Se não fosse ela, explicou, nem pediria recibo, nem com certeza o pediria como aquele que tinha, e apresentou, assinado pelos dois irmãos, e que provava bem que tinha feito o pagamento em notas de cinquenta mil réis. «E se eu tivesse pago em notas de cem», rematou o Vigário «nem eu estava tão bêbedo que pagasse vinte, como estes senhores dizem que têm, nem muito menos eles, que são homens honrados, mas receberiam.» E, como era de justiça foi mandado em paz.
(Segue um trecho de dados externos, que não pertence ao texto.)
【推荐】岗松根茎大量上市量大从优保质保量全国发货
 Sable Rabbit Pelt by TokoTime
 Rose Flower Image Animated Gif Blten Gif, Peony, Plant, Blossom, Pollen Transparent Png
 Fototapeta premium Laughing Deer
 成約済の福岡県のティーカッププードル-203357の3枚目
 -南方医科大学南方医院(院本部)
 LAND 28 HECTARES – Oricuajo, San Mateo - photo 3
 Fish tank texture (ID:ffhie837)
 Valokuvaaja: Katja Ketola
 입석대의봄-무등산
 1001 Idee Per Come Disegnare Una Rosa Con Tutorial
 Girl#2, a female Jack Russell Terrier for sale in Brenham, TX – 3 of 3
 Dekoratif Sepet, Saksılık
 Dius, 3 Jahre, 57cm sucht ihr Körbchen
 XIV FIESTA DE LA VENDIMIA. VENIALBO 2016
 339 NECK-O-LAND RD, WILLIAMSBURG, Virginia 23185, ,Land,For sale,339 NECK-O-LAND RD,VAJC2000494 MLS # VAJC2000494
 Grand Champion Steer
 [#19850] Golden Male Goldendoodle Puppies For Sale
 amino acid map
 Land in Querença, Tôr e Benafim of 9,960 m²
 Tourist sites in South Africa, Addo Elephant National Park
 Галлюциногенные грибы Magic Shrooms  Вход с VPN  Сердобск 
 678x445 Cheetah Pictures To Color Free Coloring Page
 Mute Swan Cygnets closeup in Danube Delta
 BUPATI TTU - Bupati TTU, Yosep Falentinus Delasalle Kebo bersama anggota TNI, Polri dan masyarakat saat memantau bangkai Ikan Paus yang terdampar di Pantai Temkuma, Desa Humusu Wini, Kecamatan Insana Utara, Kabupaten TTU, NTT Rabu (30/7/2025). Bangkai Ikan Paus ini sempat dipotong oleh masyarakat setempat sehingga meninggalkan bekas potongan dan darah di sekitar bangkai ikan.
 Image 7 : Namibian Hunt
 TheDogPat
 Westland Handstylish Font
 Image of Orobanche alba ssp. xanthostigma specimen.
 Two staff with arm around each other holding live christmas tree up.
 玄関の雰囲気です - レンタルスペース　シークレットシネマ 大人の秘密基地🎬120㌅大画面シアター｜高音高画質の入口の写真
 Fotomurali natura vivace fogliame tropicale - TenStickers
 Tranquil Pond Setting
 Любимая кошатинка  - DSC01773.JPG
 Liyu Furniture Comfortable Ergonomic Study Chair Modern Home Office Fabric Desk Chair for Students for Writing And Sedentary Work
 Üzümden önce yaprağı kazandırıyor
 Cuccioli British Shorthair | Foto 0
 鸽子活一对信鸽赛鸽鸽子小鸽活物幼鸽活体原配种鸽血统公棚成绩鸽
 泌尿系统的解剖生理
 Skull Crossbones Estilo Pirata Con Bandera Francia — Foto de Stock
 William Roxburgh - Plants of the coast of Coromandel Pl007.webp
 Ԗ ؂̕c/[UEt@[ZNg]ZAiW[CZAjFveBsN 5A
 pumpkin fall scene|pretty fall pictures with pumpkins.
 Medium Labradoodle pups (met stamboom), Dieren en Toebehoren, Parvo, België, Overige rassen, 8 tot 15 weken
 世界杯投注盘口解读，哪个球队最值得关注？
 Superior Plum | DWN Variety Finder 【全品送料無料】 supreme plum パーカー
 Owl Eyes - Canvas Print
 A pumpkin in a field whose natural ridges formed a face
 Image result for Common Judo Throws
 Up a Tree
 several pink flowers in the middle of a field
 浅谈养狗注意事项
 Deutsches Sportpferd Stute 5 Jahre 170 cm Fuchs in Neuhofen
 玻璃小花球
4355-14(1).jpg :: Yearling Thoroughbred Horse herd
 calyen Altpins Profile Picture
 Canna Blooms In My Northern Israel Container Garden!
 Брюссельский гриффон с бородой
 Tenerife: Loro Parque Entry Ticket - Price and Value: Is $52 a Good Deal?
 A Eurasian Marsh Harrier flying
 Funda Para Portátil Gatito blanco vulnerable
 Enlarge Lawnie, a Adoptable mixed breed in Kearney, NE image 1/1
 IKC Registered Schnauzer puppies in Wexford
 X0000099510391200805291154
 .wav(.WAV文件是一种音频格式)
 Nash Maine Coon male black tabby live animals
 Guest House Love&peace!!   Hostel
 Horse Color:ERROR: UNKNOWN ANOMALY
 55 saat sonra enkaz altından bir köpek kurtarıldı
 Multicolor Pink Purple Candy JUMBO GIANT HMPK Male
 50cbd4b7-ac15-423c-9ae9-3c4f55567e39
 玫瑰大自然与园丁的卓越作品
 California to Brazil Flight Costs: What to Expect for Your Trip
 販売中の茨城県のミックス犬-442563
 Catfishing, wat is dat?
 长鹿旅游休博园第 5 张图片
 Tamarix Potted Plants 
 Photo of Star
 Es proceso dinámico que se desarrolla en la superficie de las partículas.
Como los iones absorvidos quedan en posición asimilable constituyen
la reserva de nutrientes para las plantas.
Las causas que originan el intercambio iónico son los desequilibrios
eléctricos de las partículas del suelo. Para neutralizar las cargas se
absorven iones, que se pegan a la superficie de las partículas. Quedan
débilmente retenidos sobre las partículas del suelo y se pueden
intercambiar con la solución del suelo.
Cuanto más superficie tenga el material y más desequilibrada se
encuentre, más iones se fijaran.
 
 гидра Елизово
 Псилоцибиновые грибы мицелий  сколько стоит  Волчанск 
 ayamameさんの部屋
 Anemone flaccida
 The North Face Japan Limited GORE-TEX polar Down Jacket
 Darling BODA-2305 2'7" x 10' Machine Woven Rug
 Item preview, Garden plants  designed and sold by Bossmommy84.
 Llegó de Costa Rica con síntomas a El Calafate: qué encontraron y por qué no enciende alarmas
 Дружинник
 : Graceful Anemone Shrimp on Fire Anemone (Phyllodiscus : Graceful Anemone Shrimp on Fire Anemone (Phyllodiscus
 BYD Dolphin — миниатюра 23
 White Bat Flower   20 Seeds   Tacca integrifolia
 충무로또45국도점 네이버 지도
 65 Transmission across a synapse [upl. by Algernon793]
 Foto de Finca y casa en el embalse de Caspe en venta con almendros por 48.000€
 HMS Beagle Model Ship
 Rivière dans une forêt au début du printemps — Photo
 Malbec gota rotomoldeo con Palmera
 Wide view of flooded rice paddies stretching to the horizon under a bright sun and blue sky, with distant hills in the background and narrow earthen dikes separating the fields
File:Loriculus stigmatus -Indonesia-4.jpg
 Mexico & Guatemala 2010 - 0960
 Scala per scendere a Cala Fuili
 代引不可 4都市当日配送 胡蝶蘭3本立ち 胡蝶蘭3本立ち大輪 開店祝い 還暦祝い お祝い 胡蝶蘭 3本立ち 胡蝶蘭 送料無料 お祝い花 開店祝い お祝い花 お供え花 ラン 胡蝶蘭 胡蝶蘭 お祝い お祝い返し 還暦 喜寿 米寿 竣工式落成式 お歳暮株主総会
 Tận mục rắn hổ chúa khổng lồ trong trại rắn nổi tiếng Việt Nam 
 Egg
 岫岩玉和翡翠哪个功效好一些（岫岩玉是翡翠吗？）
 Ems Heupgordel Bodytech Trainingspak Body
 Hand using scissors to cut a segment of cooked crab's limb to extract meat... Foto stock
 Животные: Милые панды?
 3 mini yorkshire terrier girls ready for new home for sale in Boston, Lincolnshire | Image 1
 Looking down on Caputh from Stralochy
O caso, porém, não pôde ficar secreto; pouco a pouco se espalhou. E a história do «conto de réis do Manuel Vigário» passou, abreviada, para a imortalidade quotidiana, esquecida já da sua origem.
Os imperfeitíssimos imitadores, pessoais como políticos, do mestre ribatejano nunca chegaram, que eu saiba, a qualquer simulacro digno do estratagema exemplar. Por isso é com ternura que relembro o feito deste grande português, e me figuro, em devaneio, que, se há um céu para os hábeis, como constou que o havia para os bons, ali lhe não deve ter faltado o acolhimento dos próprios grandes mestres da Realidade – nem um leve brilho de olhos de Macchiavelli ou Guicciardini, nem um sorriso momentâneo de George Savile, Marquês de Halifax”.
Contado por Fernando Pessoa.
Publicado pela primeira vez no diário Sol, Lisboa, ano I, nº 1, de 30/10/1926, com o título de «Um Grande Português». Foi publicado depois no Notícias Ilustrado, 2ª série, Lisboa, 18/08/1929, com o título de «A Origem do Conto do Vigário».